People tuned in to hear Neely and Williams present their work, discuss each other’s artistic practices and answer questions. The conversation provided insight into the artists’ respective processes and the role of their Black identities in their work.

“Amidst the pandemic and the Black Lives Matter movement, it felt critical and productive to invite these two successful artists to share their practice of ‘taking up space, building narrative through abstraction and representation, afropessimism and afrofuturism,’” elin o’Hara slavick, co-host of the event and a UNC art department professor, said in an email.

Neely and Williams are both members of N.C. Black Artists for Liberation, a collective of Black artists and arts workers committed to building an equitable arts and cultural sector.

“Black artists have been continuously excluded from the canon, been wrongly categorized and historically disregarded,” the collective’s website said.

Neely, whose work combines abstract painting and found objects, noted that women of color who have been doing abstract art for years are only just starting to be critically recognized.

“People haven’t been willing participants to engage in depth in the work (of these WOC),” Neely said. “Their creations are alive, and the materials deserve to be read into and have life breathed into them.”

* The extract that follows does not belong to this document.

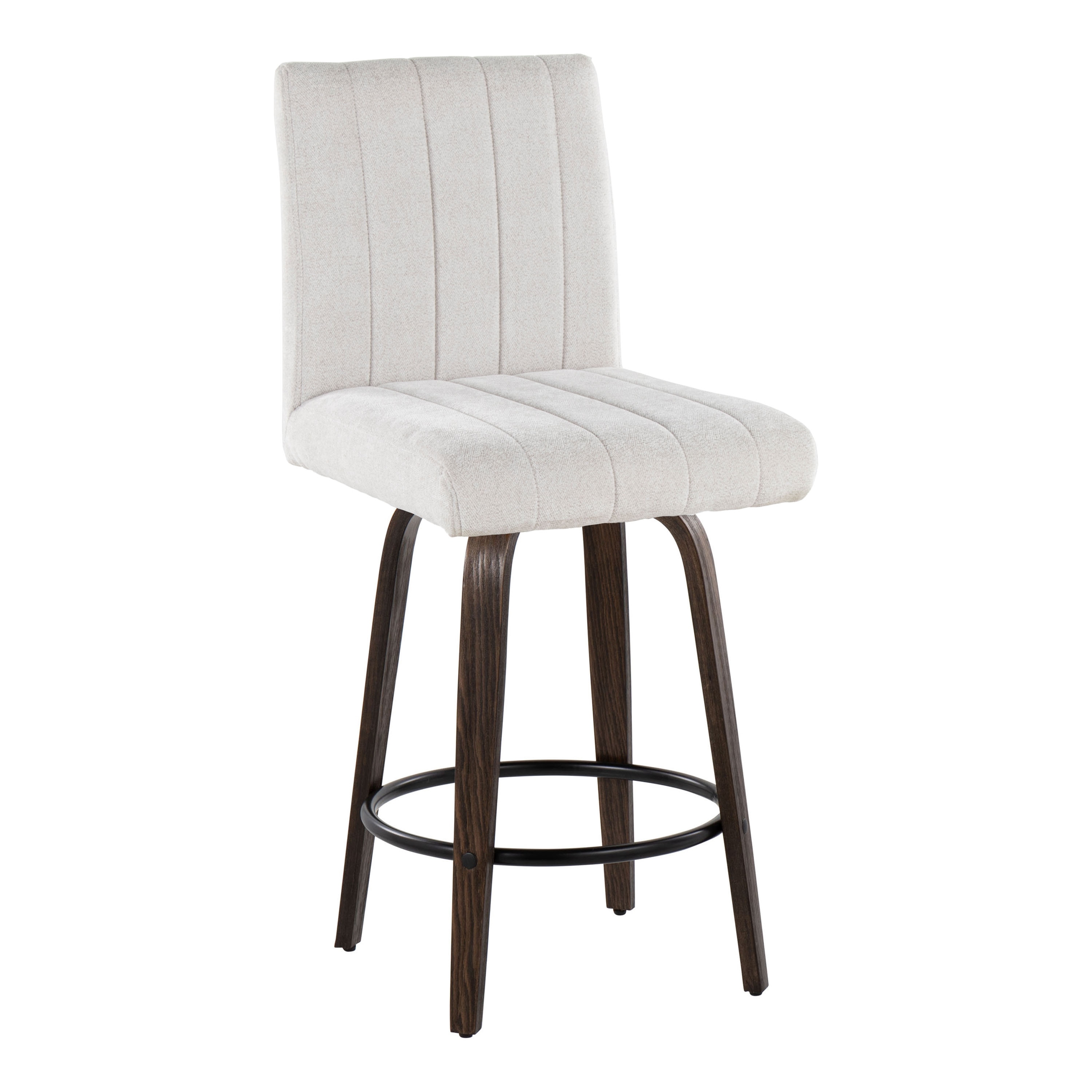 The Gray Barn Hudson 26" Fixed-Height Counter Stool with Bent Wood Legs & Round Footrest (Set of 2)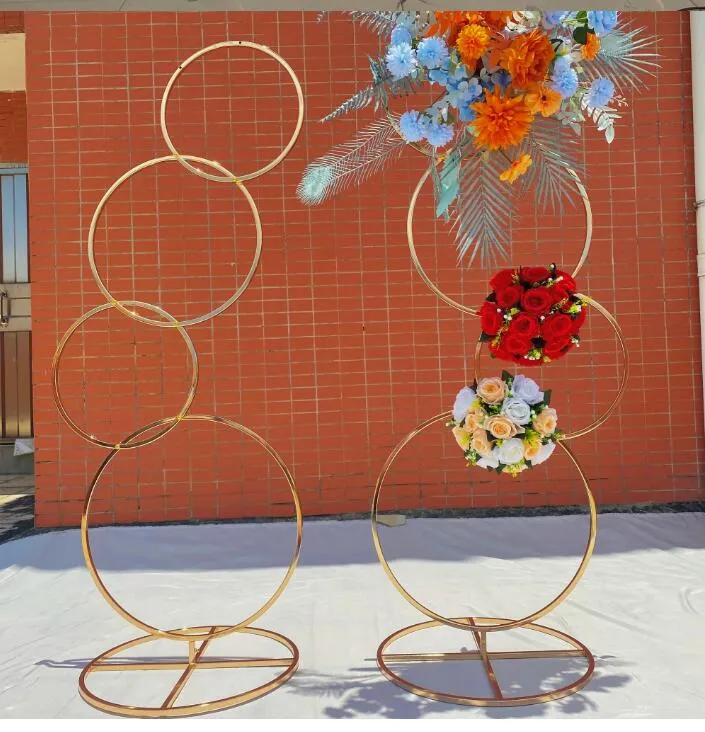 2 pcs /set Wedding Arch Square Backdrop balloon Stand Background Shiny Metal Gold Plating Outdoor Artificial Flower Door Shelf Frame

For Neely, abstraction is a tool to document her experiences and identity as a woman of color. Navigating race, gender and sexuality in a body that is constantly politicized leads to feelings of fragmentation, she said.

“It can feel instinctive, and like a necessary survival tool, to need to document your own experience,” Neely said. 

Williams, a UNC Master of Fine Arts graduate, also documents his experiences in his work. His piece, “Moment of Rest While Convincing Monsters That I Am Human,” was created in the wake of the protests surrounding the deaths of George Floyd and Breonna Taylor.

“I just got really fatigued seeing this play out over and over. There are protests in every major city around the world asking for the bare minimum,” Williams said. “This figure is taking a rest, is reclaiming their humanity, which I think for Black people is a really radical act.”

Works by Neely and Williams are currently on display at the North Carolina Museum of Art as part of the "Front Burner: Highlights in Contemporary North Carolina Painting" exhibit. 

The next Hanes Visiting Artist Lecture will be on Oct. 8, featuring Lauren Frances Adams and Zoë Charlton.